This week Premier Kathleen Wynne announced that Ontario will increase minimum wage to $15 an hour by 2019. Current minimum wage sits at $11.40 with more than a quarter of employees in Ontario making less than $15 an hour. This increase, the largest in the province’s history, is also accompanied by several other proposals including:
Equal pay for part-time: those who do the same work as full-time employees on a part-time, seasonal or casual basis should be paid the same.
Increased vacation entitlements: employees will receive at least three weeks of vacation after five years with a company.
Expanded personal-emergency leave: all employees can expect 10 days of personal-emergency leave, including two paid days. Currently, personal-emergency leave only applies to workplaces with 50 or more employees.
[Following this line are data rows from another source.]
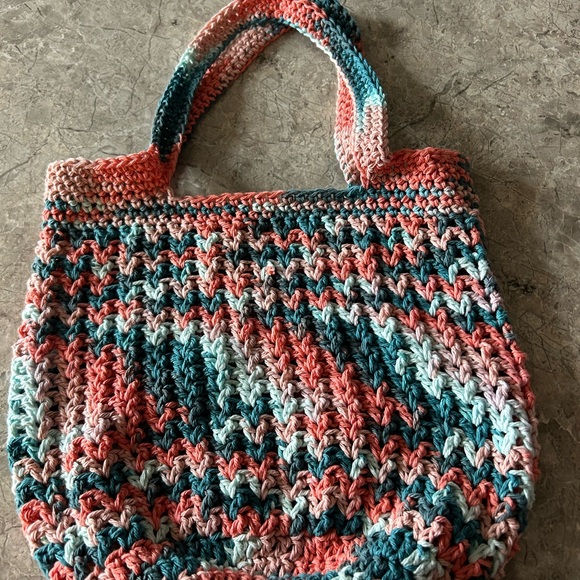 Handbags - Multicolor Crochet Tote Bag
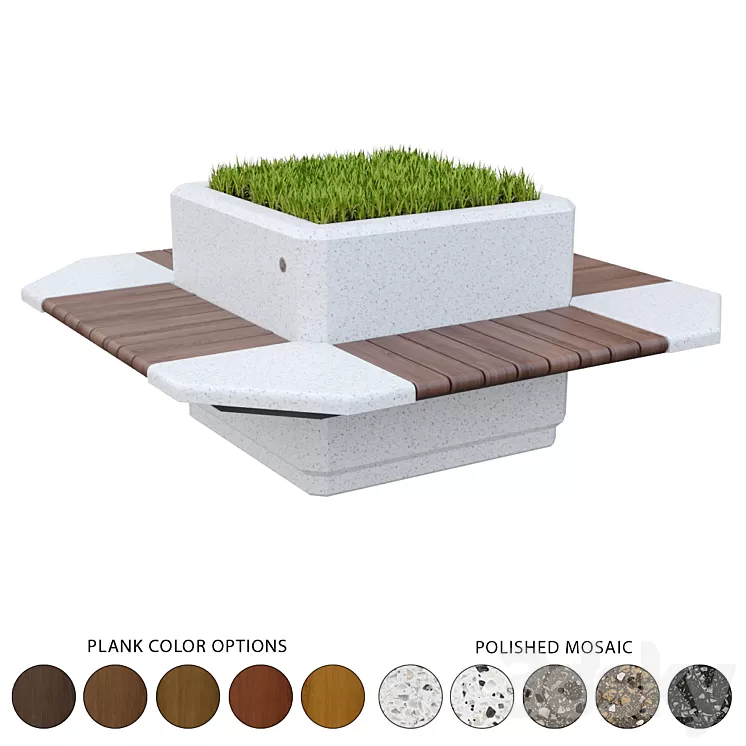 Square planter bench 227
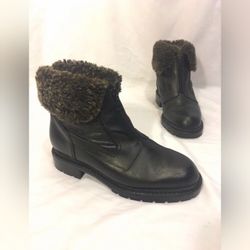 BLONDO Black Waterproof Leather Shearling Ankle Snow Boots Women's Size 38 (7 7.5 8)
The amendment would provide personal-emergency leave days to all employees, regardless of workplace size.
Scheduled overtime requirements: an employer will no longer need to receive ministry approval for employees working 48 to 60 hours a week.
Physician notes for absences: if an employee is taking a personal emergency day an employer will be prohibited from requesting a sick note.
These changes are in response to a recent report that found that new technology, a shrinking manufacturing sector, as well as other factors have left over one-third of Ontario’s workforce vulnerable.
The proposal was met with mixed reviews, with critics sharing concern about how this increase to minimum wage will affect small businesses and consumer costs while others applaud the proposals as a step towards creating fair workplaces.